More than 700 people filled Our Lady of Guadalupe Catholic Church in Anchorage for the funeral Mass. Burial was scheduled today.
Among those in attendance were four former Alaska governors -- Sarah Palin, Frank Murkowski, Tony Knowles and Bill Sheffield -- as well as U.S. Sens. Lisa Murkowski and Mark Begich, U.S. Rep. Don Young and Gov. Sean Parnell. Also attending was former U.S. Sen. Ted Stevens.
Signs resembling the Alaska state flag, with a blue field and the Big Dipper and North Star in gold, lined the streets leading to the church. The signs read, "Thank you Governor Hickel." The service was broadcast statewide by an Anchorage television station.
Longtime friend Max Hodel recalled conversations and musings with Hickel during long walks.
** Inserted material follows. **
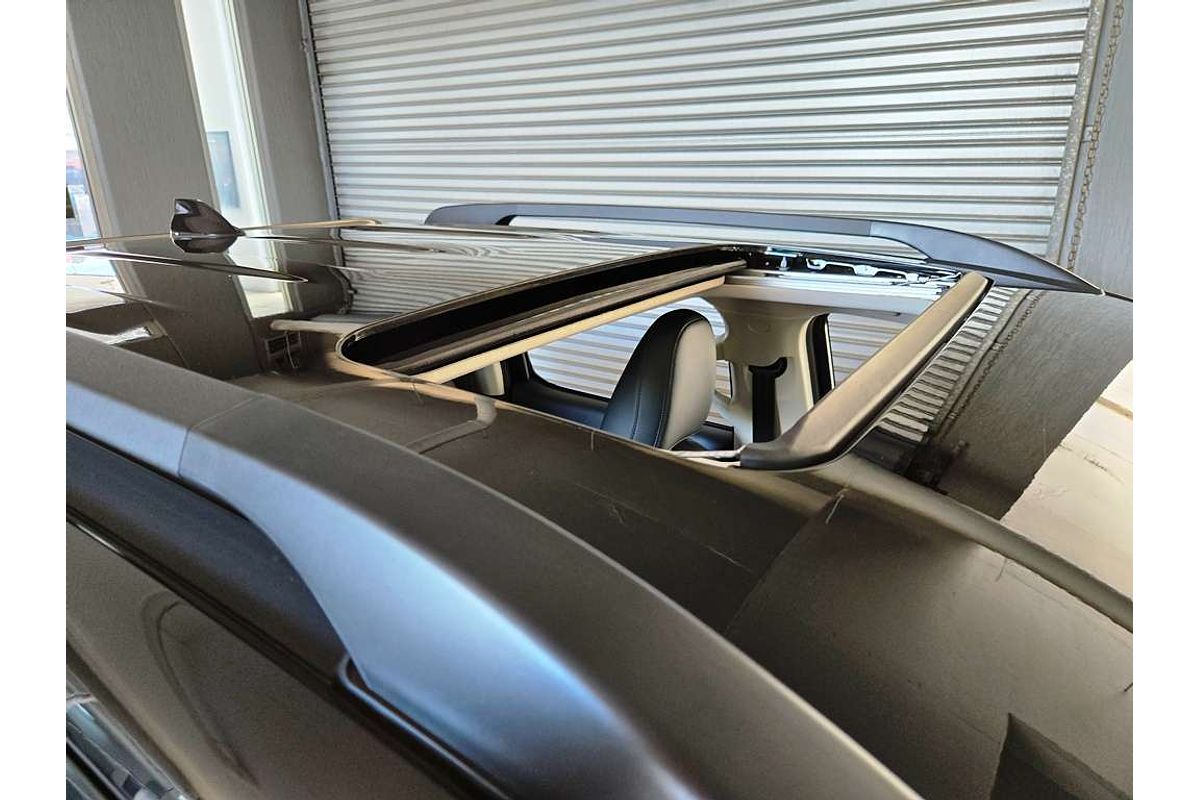 2.4T Cannon Ultra 4x4 Auto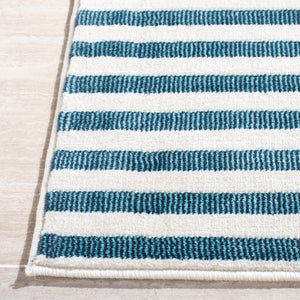 Safavieh Orwell 368 Power Loomed Contemporary Rug Rust / Yellow ORW368P-9SQ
Hickel once joked that when he went to heaven, if he saw things in Alaska weren't to his liking, he planned to ask "Saint Peter to send me back to run for a third term."
Hodel also recalled another time Hickel said: "When I die, I want to be buried standing up, so when I get to heaven, I can come out fighting."
Hickel's son Jack said he discovered at an early age that his father had an extraordinary amount of wisdom.
"He seemed to have an innate sense of the proper path to take," Jack Hickel said.
"Alaska has lost a great leader," he said. "The world has lost a great mind."
MAN OF PASSIONS
Former Archbishop of Anchorage Francis Hurley noted in his homily Hickel's abiding Catholic faith and his equally passionate devotion to his fellow humans.
"He was a developer, a governor and an involved citizen," he said. "That sensitivity spawned the concept of the owner-state, the state belonging to the people. This was one of his deep convictions."
Hurley recalled Hickel's close involvement in the planning for Pope John Paul II's 1981 visit to Anchorage. Local Catholic leaders had just five weeks to prepare, and Hurley worried that wasn't enough time, so he approached Hickel for advice, introducing the subject by telling him a friend wanted to visit.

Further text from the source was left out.